I'd like to extract table data from a PDF file as done by the Try document AI demo. However, if a table row has multi line text within the same row, it's reflected as a separate row in my Json response. This is also reflected when using the Upload test document feature in the cloud console, as shown on the attached screenshot.Cloud Console demo.
However, the Try document AI demo (https://cloud.google.com/document-ai/docs/drag-and-drop) reflects the data correctly. Try document AI demo.

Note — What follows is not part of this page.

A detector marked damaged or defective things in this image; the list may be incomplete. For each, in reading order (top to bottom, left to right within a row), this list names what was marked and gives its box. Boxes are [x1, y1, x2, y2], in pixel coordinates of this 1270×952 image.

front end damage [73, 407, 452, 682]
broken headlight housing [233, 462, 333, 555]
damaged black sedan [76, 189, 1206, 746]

Is this due to different API versions being used?
Node js code - using document AI v1beta3 version with form parser processor;
var dataTable;
for (const page of document.pages) {
//tables
for (const table of page.tables) {
dataTable = printTableInfo(table, text);
if (dataTable) return { table: dataTable };
}
}
// printTableInfo function
function printTableInfo(table, text) {
let dataArray = [];
for (let i = 0; i < table.bodyRows.length; i++) {
let bodyRowText = "";
for (const bodyCell of table.bodyRows[i].cells) {
const bodyCellText = getText(bodyCell.layout.textAnchor, text); //
bodyRowText += `${JSON.stringify(bodyCellText.trim())} | `;
}
dataArray.push({
[`Data`]: bodyRowText,
});
}
return dataArray;
}
// getText function
const getText = (textAnchor, text) => {
if (!text || !textAnchor) return;
if (
(!textAnchor && !textAnchor.textSegments && !textAnchor.textSegments) ||
(textAnchor &&
textAnchor.textSegments &&
textAnchor.textSegments.length) === 0
) {
return "";
}
const startIndex = textAnchor.textSegments[0].startIndex || 0;
const endIndex = textAnchor.textSegments[0].endIndex;
return text.substring(startIndex, endIndex);
};